*PROBLEM*
Each and every line below goes into your answer unchanged, but leave out the images.

*SUPPLIED DATA*
···

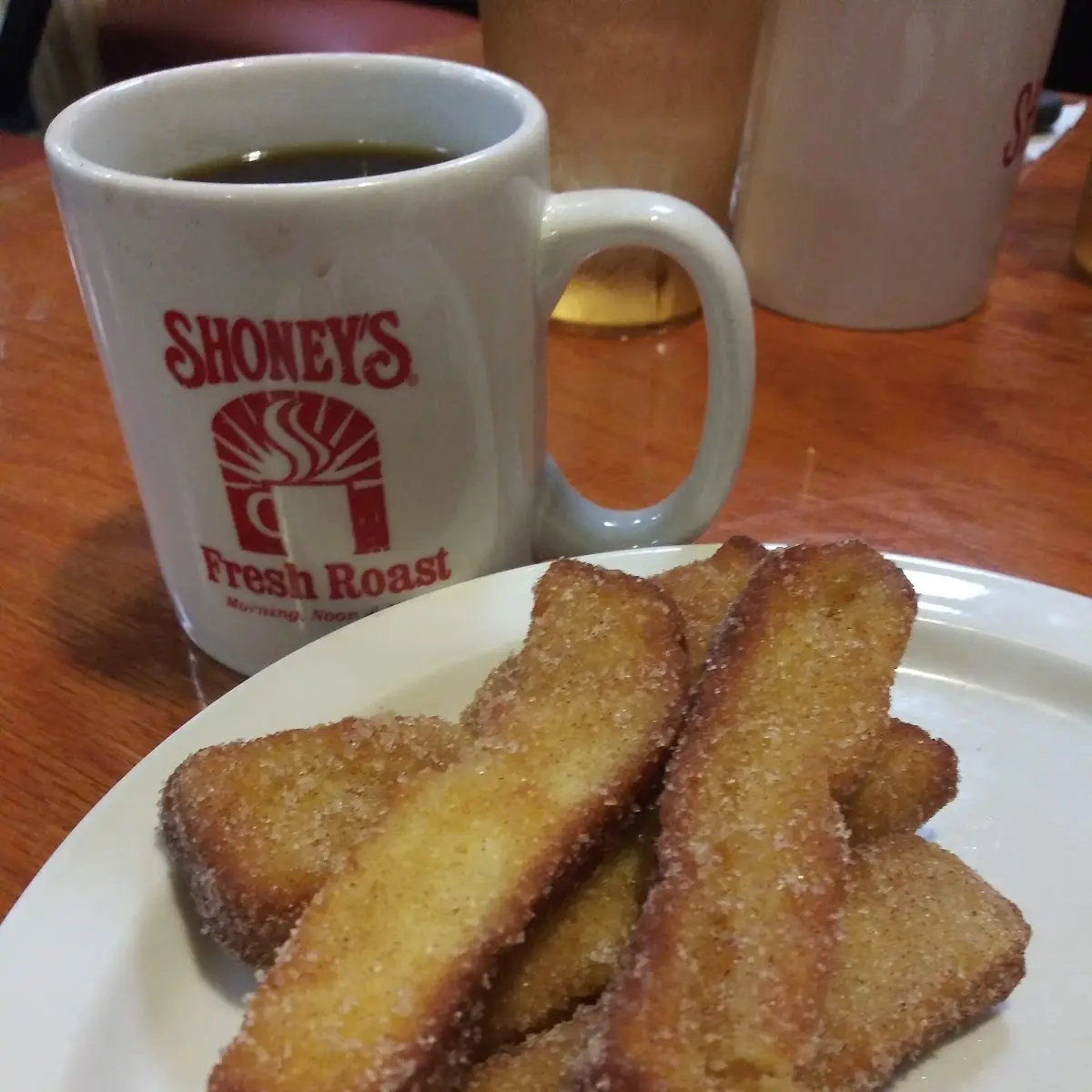 French Toast Sticks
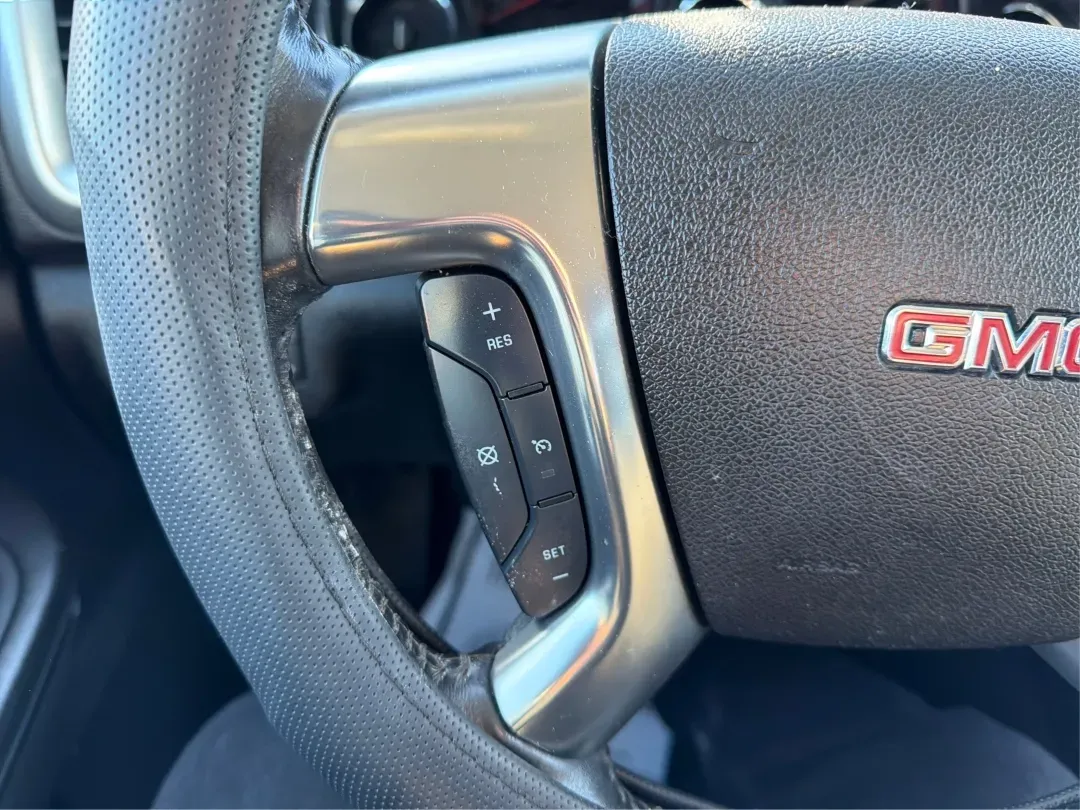 2016 GMC Acadia SLE-1 (1GKKVNED4GJ) with an 3.6L V-6 gasoline direct injection engine, located at 1099 N County Rd 25A, Troy, OH, 45373, (937) 908-9800, 40.057079, -84.212883 - **Adventure Awaits with the 2016 GMC Acadia at Advantage Car and Credit - Troy!**<br /> <br /> When it comes to family outings or weekend getaways, the 2016 GMC Acadia is your perfect travel companion. Designed for those who crave the ideal blend of comfort, space, and versatility, this SUV is just - Photo#16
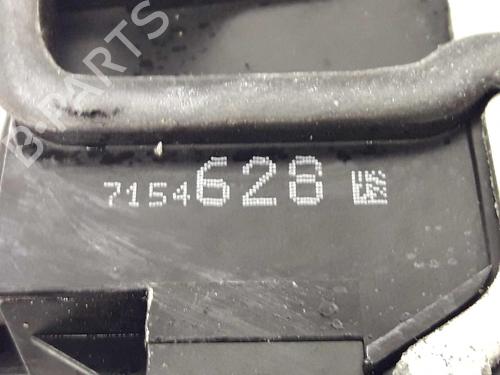 Front right lock BMW 5 (E60) 530 d | BP3383531C97 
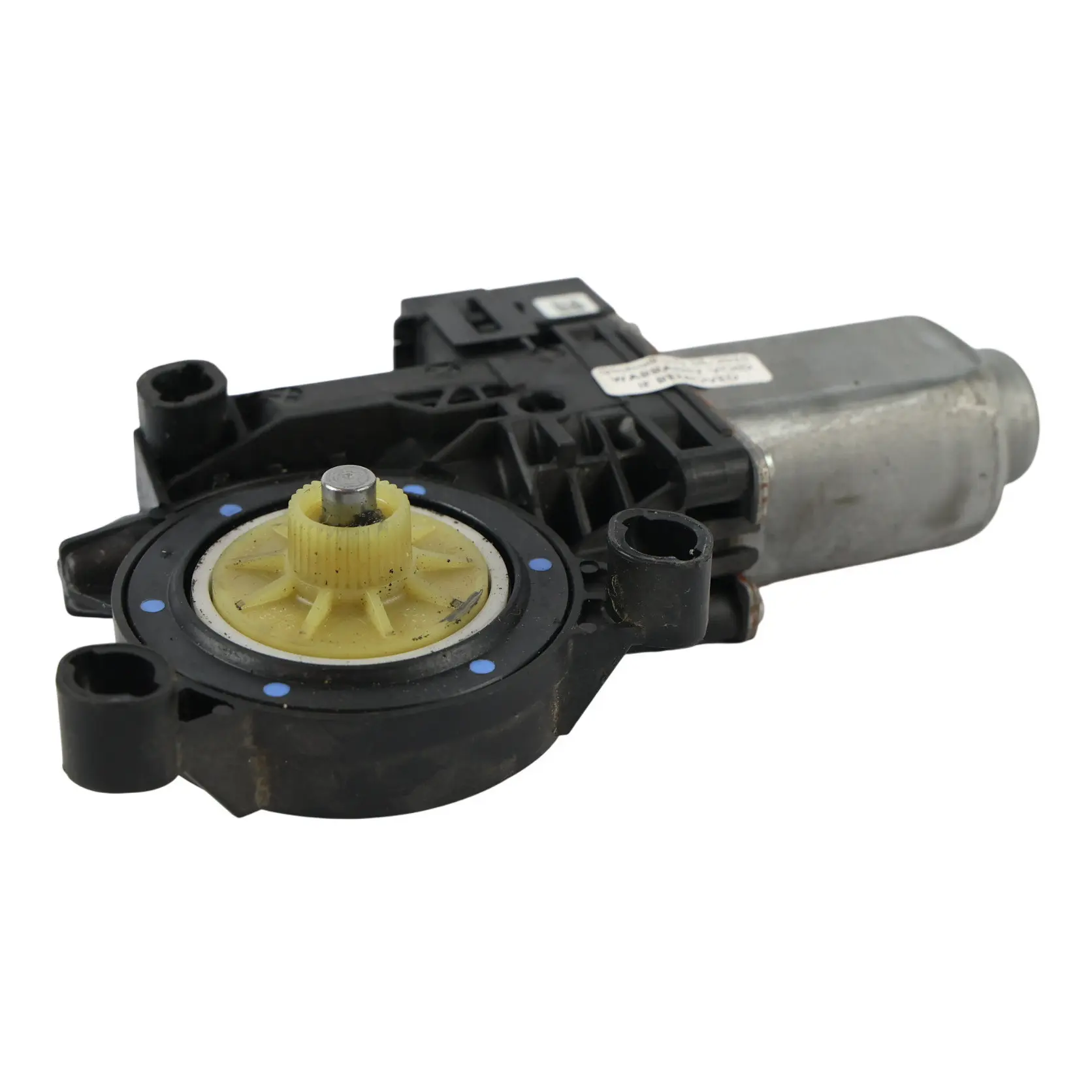 Volkswagen Transporter T5 Motor Regulador Ventana Delantero Izquierdo 6Q1959802E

···

*EXERCISE ANSWER*
 French Toast Sticks
 2016 GMC Acadia SLE-1 (1GKKVNED4GJ) with an 3.6L V-6 gasoline direct injection engine, located at 1099 N County Rd 25A, Troy, OH, 45373, (937) 908-9800, 40.057079, -84.212883 - **Adventure Awaits with the 2016 GMC Acadia at Advantage Car and Credit - Troy!**<br /> <br /> When it comes to family outings or weekend getaways, the 2016 GMC Acadia is your perfect travel companion. Designed for those who crave the ideal blend of comfort, space, and versatility, this SUV is just - Photo#16
 Front right lock BMW 5 (E60) 530 d | BP3383531C97 
 Volkswagen Transporter T5 Motor Regulador Ventana Delantero Izquierdo 6Q1959802E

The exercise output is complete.